Una actitud responsable y valiente, por parte de los representantes de los afiliados, y una actitud de respeto por parte del Estado empleador, podrían canalizar las tensiones y dificultades, y conducir a consensuar las soluciones que impone finalmente la realidad.

Y en los campos cubanos, las granjas estatales también vieron esfumarse a los trabajadores. Aquí, la medida última del Estado no fue subir los salarios, sino repartir las tierras a quienes estuvieran dispuestos a ganarse decorosamente la vida con su sudor. A la larga, los trabajadores volvieron a salirse con la suya.

Claro, que esas no son “huelgas” en un sentido teórico o académico. Como tampoco caben en la descripción marxista de luchas proletarias, la sangría de docentes, de especialistas calificados de la salud, deportistas de alto rendimiento, ya sea hacia otras profesiones o latitudes. Menos todavía, caben la sustracción de mercancías, materias primas, combustibles, etcétera, de todo lugar no estrictamente vigilado.

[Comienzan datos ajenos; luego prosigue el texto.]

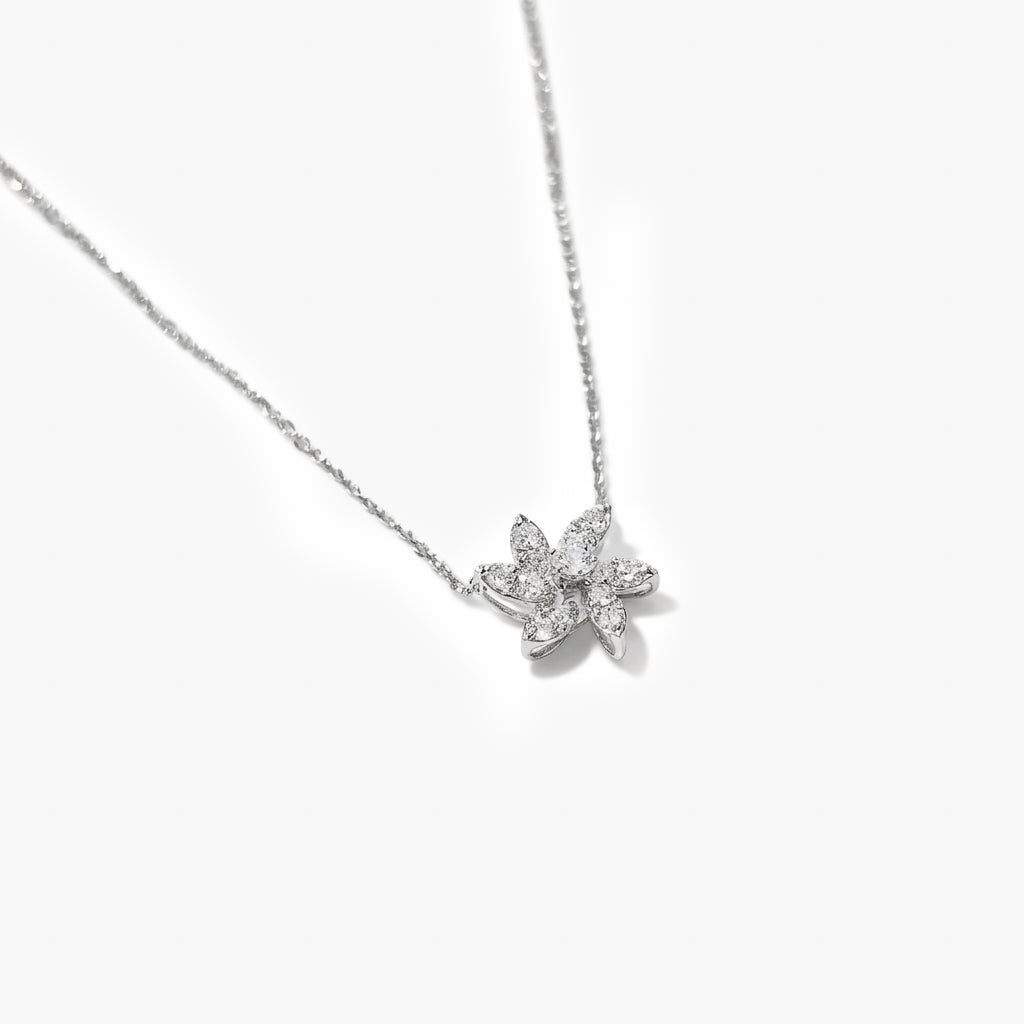 18ct White Gold Diamond Flower Pendant Necklace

Cuando las personas de abajo perciben que predominan los más fuertes y los de menos escrúpulos, hacen lo que pueden, aunque no esté dentro del manual ni sea lo más bonito. La clase dominante, arriba, aprieta también por su parte, y el resultado vuelve a ser un pulseo donde gana el que más resiste.

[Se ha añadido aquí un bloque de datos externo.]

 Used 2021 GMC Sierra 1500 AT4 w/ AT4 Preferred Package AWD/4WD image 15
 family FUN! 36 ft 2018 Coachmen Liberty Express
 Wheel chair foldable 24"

La burocracia dirigente y su corte servil continúan reacias a admitir la personalidad y el valor de las personas trabajadoras. Exprimen todo lo que pueden en cada esfera. Ensayan con distintas estrategias para capear el temporal o marear al adversario, según el sector: movilizaciones al Programa Alimentario; maestros emergentes; traslado regional de constructores y policías y maestros; tolerancia o fomento de la transmisión de audiovisuales enajenantes y superficiales por los medios masivos de divulgación.

Los índices desfavorables se ocultan tras una espesa cortina de demagogia y los favorables se exaltan hasta el infinito. Se exigen actitudes de incondicionalidad para prosperar profesionalmente, o aspirar a trabajar una temporada en el extranjero y recibir una muy recortada remuneración adicional.

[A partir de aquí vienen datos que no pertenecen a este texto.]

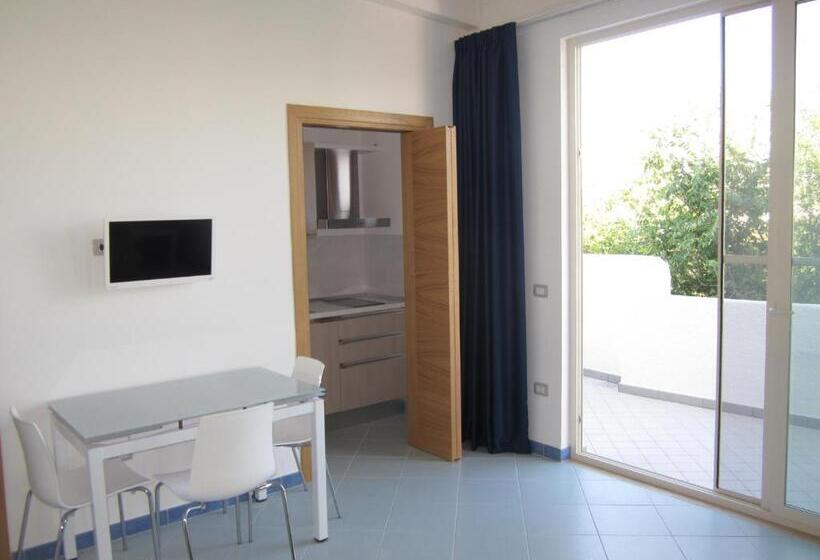 Family flat with garden view, Residence Orsa Minore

Se sucede una retahíla de agobiantes campañas políticas, tan densas como sean capaz de establecerse, como para que no queden espacio, energías o ánimos para pensar en cambiar la manera en la que (mal) funcionan las cosas.

En ciertos momentos, se aumentan los estímulos materiales en ciertos trabajos y luego, alcanzada una precaria estabilidad, se retiran. Donde todo esto no es practicable, o falla más allá de toda esperanza de recuperación, y donde no pueden darse el lujo de perder el beneficio económico posible, se producen la apertura y las concesiones al capital extranjero.

La CTC resulta ser el gran ausente en todo este proceso. De tal suerte, se aprecia que el país también sufre a causa de la degeneración de las estructuras supuestamente populares, que debían organizar y defender a los trabajadores.

Una actitud responsable y valiente, por parte de los representantes de los afiliados, y una actitud de respeto por parte del Estado empleador, podrían canalizar las tensiones y dificultades, y conducir a consensuar las soluciones que impone finalmente la realidad.

Así se daría paso al incremento posible de la remuneración a los trabajadores, de conjunto con la implementación de medidas y planes para el aumento de la producción, los servicios, el mejor cuidado al medio ambiente, la satisfacción de las comunidades, etcétera.

Pero primero pare guayabas una mata de mamoncillos, que una clase privilegiada cede a las buenas su preponderancia. Probablemente no se puedan evitar, entonces, las etapas de caos intermedias, el desgaste de las estructuras productivas y de servicios del país, en lo que los tozudos hechos imponen la evolución de las mentalidades.

Quienes han ahogado o contemplado, pasivos, el ahogo de la capacidad autogestionaria y organizativa de la población trabajadora cubana, cargan con pesadas culpas por daños inconmesurables a la nación y al pueblo.

Eso, para no volvernos demasiado revolucionarios y decir que, ya que aspiramos al socialismo, donde los medios de producción pertenecen a los trabajadores, lo que se debía hacer es simplemente echar de una patada a toda la burocracia y que los trabajadores administren, a su manera, cada centro laboral, y el país con ellos.
—–
*rebencúo/a: Así se denomina popularmente en Cuba a las personas rebeldes, insumisas.